But it was Miles Davis who, as Gerry explained it, "...put the theories to work, called the rehearsals, hired the halls, and generally cracked the whip."


Move, Jeru, Godchild and Budo were recorded January 21, 1949, and were released as two 78s. Venus de Milo, Boplicity, Israel and Rouge were cut three months later, and the final session in March of 1950 yielded Moon Dreams, Deception, Rocker and Darn That Dream. In 1954, eight of the tunes were released on a 10 inch LP. Three years later a 12 inch LP, with all 11 instrumentals (omitting the vocal Darn That Dream), appeared under the Birth of the Cool title by which the sessions have been known ever since.


In the summer of 1991, in Rotterdam, Gerry told Miles he was planning to play the music again. Miles, who was very enthusiastic about the concert at the Montreux Festival two weeks before, (where he had played many of the great works Gil Evans had written for him, with an orchestra assembled by Quincy Jones), said to let him know when it was going to be. and maybe he would do it. Sadly, it was not to be.


With Miles' death the decision to find a suitable trumpet for this demanding role resulted in the selection of Wallace Roney, whose career had reached a high point when he joined Miles in an historic duet at the Montreux concert. Thus he was a logical choice for the "Re-Birth" project.


Gerry says, "He really understands something about Miles' melodic sense. He did some astounding melodic things on this album."


Gerry and Bill Barber were on all three of the original sessions, and John Lewis was on the last two. Gerry recalls, "John was Ella Fitzgerald's accompanist and it was just our bad luck that Ella was scheduled to record the same day as our first session!"


Lee Konitz, who was on all the early sessions, was originally scheduled to join the "Re-Birth" recording, but due to previous commitments that had him on the other side of the globe, it was impossible to get everybody together at the same place at the same time. "When Lee asked me who was going to take his place on alto, and I told him Phil Woods would like to do it, Lee laughed and said, 'I think you just invented the 'Birth of the Hot!"'


Gerry went on to say, "Phil told me he'd always wanted to play this music, so it was like a dream come true for him. He plays some absolutely fantastic solos and adds a great spirit to the whole project!"


Rounding out the "Re-Birth" group are trombonist Dave Bargeron and French hornist Dave Clark, both of whom were associated with Gil Evans in later years.


Gerry called on old friend and colleague Mel Torme to sing Darn That Dream, the one vocal in the collection. "Mel was happy to do this," Gerry says. "He always loved this instrumentation, and later on, my Tentet.
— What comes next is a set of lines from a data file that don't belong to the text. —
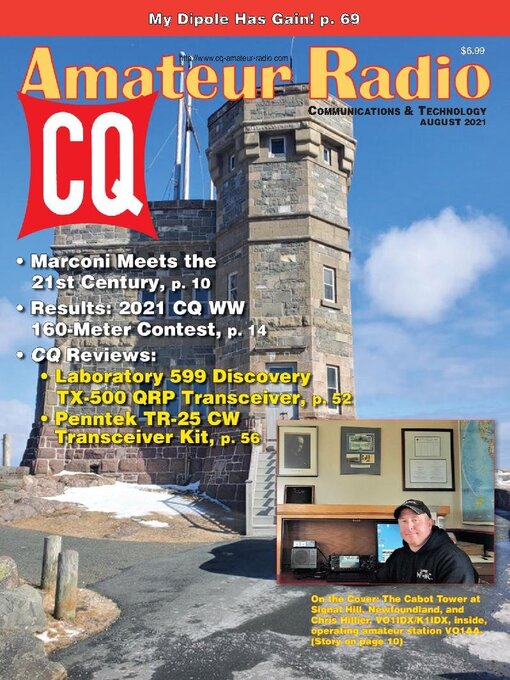 Cover image for CQ Amateur Radio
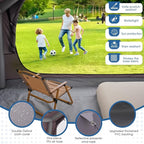 Inflatable Camping Tent with Electric Air Pump - 420D Heavy Duty Oxford - 5 Min Auto-Inflation - Panoramic Stargazing Skylight - 4 Season Luxury Glamping Cabin, 4-10 Person Multiple Sizes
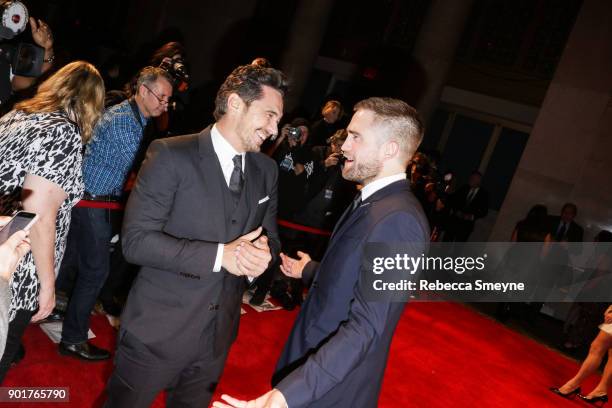James Franco and Robert Pattinson attend the 2017 IFP Gotham Awards at Cipriani Wall Street on November 27, 2017 in New York, NY.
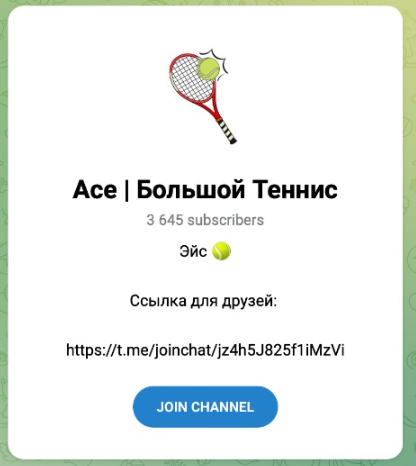 Ace Большой теннис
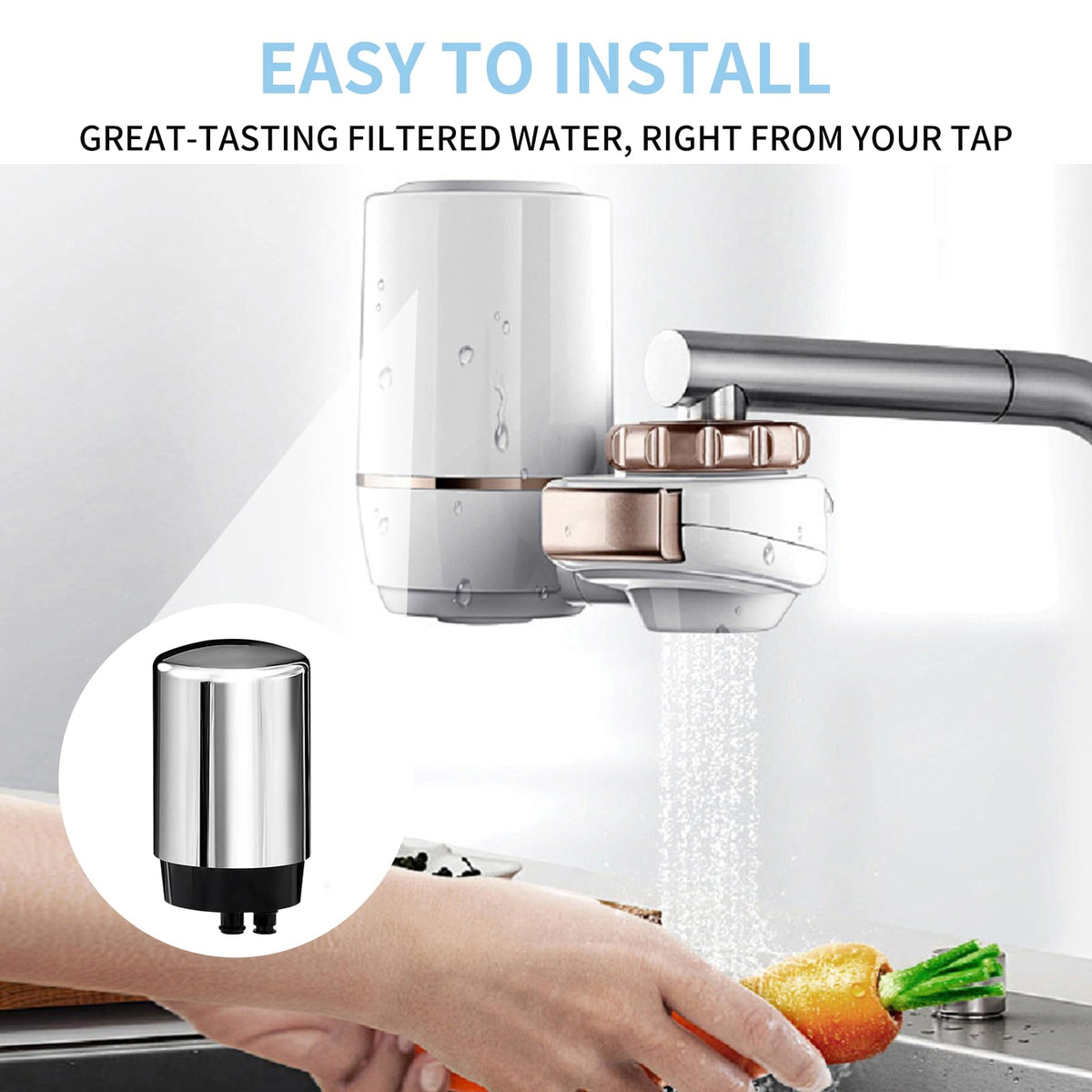 Linsuely FR-200/FF-100 installation view showing proper fit and green indicator after secure install.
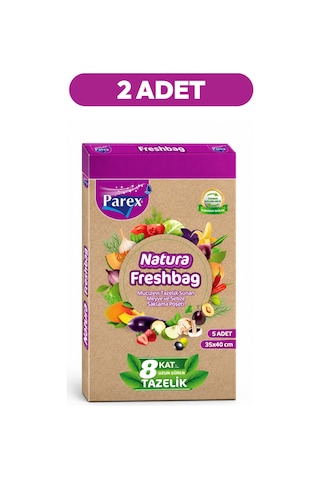 Natura Freshbag Tazeliği Koruyan Poşet İki Paket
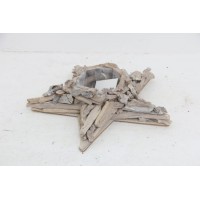 Factory-Direct Decorative Star Wooden Craft for Plant
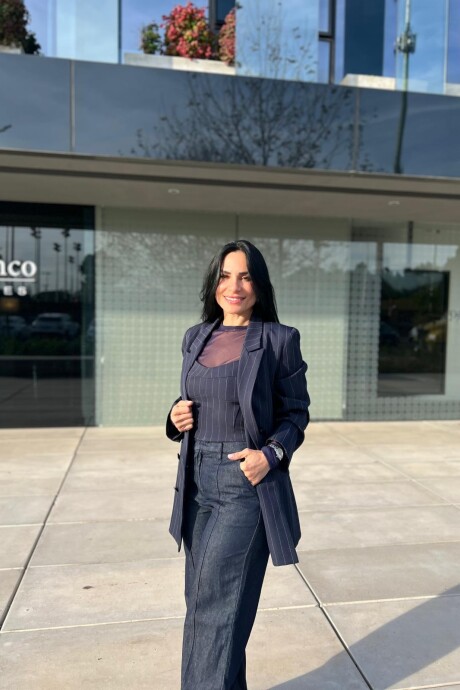 Top de satreria Donna Azul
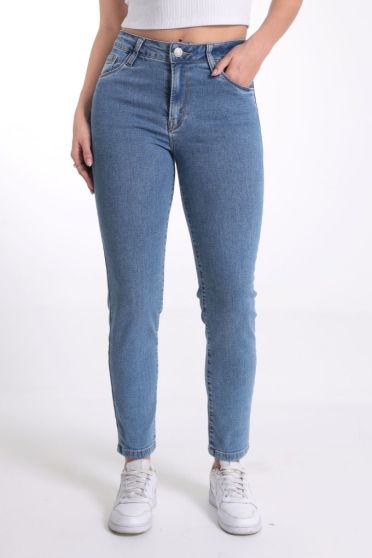 Cal&ccedil;a Reta Jeans Feminina Revanche Montmartre UNICA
In fact, he made an album with a similar instrumentation and we've talked for years about doing an album together along similar lines, which we'll get  around to eventually. When I told him we were doing this, he was eager to take part."
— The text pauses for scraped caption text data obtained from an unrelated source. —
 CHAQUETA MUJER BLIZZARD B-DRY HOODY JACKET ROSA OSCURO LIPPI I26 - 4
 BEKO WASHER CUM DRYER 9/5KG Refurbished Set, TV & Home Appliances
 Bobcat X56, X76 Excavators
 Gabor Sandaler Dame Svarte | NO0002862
As these notes go to press, Gerry is planning a tour of the summer festivals with his Tentet, the instrumentation presented here, plus the addition of another trumpet and a clarinet. "We're introducing the band at the Ravinia Festival in Chicago (where Gerry is currently Artistic Director of their "Jazz in June" series), at the Anson Ford Amphitheatre in Los Angeles, and Carnegie Hall in New York.


The Birth of the Cool concept (which, in fact, was by no means as cool as the name implied!) lives on, some 40 years after Miles and Gil and Gerry and their fellow dreamers put their innovative ideas on record. It might well be added that the cool was not reborn, since for anyone who recalls its pristine

glory, it never really went away!”

-Leonard Feather

And here is an in performance review of the music by John Pareles that appeared in the June 30, 1992 NY Times 

Review/Jazz Festival; From Gerry Mulligan, 'Rebirth of the Cool'


“Each jazz era finds its own ancestors. Now that many musicians and audiences are turning toward music that prizes structure as well as solos, it's appropriate that Gerry Mulligan has decided to revive the arrangements he wrote and played with the Miles Davis Nonet more than 40 years ago. The music was collected in 1957 on an album titled "Birth of the Cool," and on Friday night Mr. Mulligan and a "tentet" (the nonet's lineup plus an extra trumpeter and saxophonist) performed at Carnegie Hall for a JVC Jazz Festival concert called "Rebirth of the Cool."


At the end of the 1940's, Davis, Gil Evans, Mr. Mulligan and other musicians were looking for a next step after be-bop, which had depended on small groups and extensive solos. They wanted to create ensemble arrangements that would reflect the convoluted harmonies and whiplash rhythms that be-bop had wrought. With Davis as leader, they assembled a nine-piece group that played a few club dates between 1948 and 1950, to a largely indifferent response among nonmusicians. But the recordings, made in 1949 and 1950, have endured. Musicians including Mr. Mulligan and another member of both the original nonet and the current tentet, the alto saxophonist Lee Konitz, have both worked with similar groups in the intervening decades. The tentet also included Bill Barber, another nonet member, on tuba.


For "Rebirth of the Cool," which preceded a European tour by the tentet, Mr. Mulligan followed an established jazz-repertory approach. He used the original arrangements and tempos while adding new solos, some of them variants on the recorded ones.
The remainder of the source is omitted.